Онѣ вошли въ полуоткрытые ворота деревяннаго одноэтажнаго дома съ мезониномъ. Сейчасъ же ее обдалъ запахъ, какой бываетъ на дворахъ, гдѣ живутъ извощики. Въ темнотѣ, въ глубинѣ двора, ходили около саней два ночныхъ извощика; они только-что зашабашили, шелъ уже пятый часъ утра, но еще стояла густая мгла. Изъ конюшни, вправо, ползъ паръ отъ дыханья лошадей и навоза. Одинъ изъ извощиковъ зажегъ фонарь и красноватое пламя сальной свѣчи всплыло среди темноты продолговатымъ языкомъ.

-- Куды шлею-то забросилъ?-- раздался хмурый голосъ и заставилъ Марью Трофимовну повернуть голову.

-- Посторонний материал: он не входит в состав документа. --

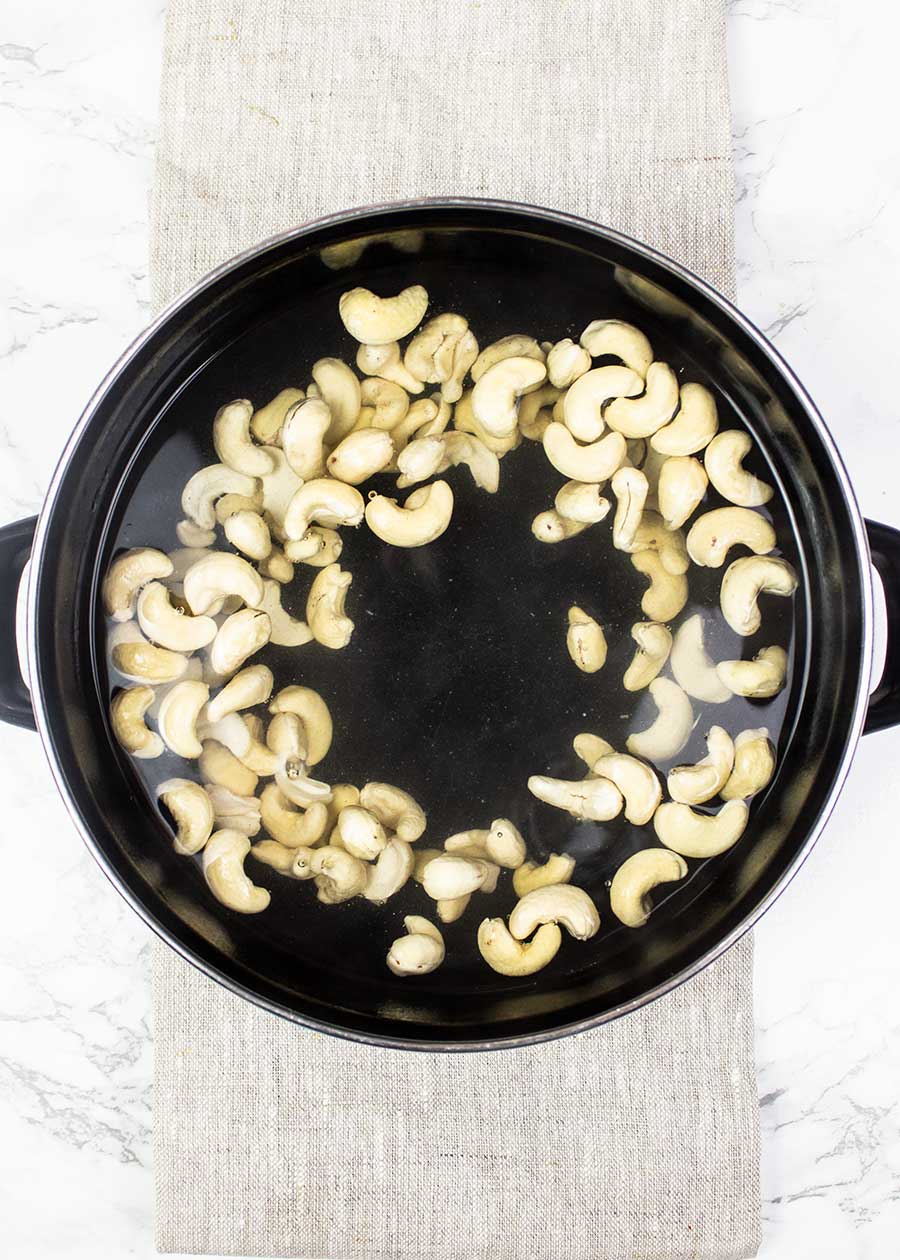 Cashews in vegan cream cheese recipe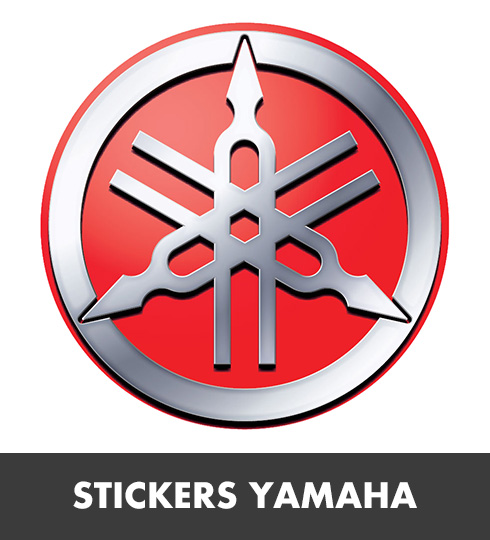 Stickers moto Yamaha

-- Бойко, матушка, тутъ, бойко,-- удержала ее кухарка.-- Сюды вотъ пожалуйте. Только головкой не стукнитесь. Низенькая дверь-то.

Она, дѣйствительно, почувствовала подъ подошвами своихъ ботиковъ обледенѣлую лужу, вѣроятно, помой. Еслибъ Пелагея не предупредила ее, она навѣрное бы оступилась, на ходу она была довольно легка, но тѣломъ полновата и ходила съ перевальцемъ.

На морозѣ испаренья и запахи жилья, въ подвальномъ флигелѣ, не ошеломляли такъ, какъ въ оттепель. Кухарка отворила съ усиліемъ примерзшую дверь, обитую рогожей, и даже Марья Трофимовна, не смотря на свою покладливость, отшатнулась.

-- Молодцы наши спятъ тутъ. А куфня-то на лѣво, сейчасъ вотъ взять надо за досчатую переборку.

Въ избѣ спало человѣкъ десять извощиковъ, въ повалку, на скамьяхъ и на полу. За чьи-то ноги задѣла Евсѣева и кто-то, съ просонья, выбранилъ ее.

Слѣва, сквозь щель полупритворенной двери, виднѣлся свѣтъ...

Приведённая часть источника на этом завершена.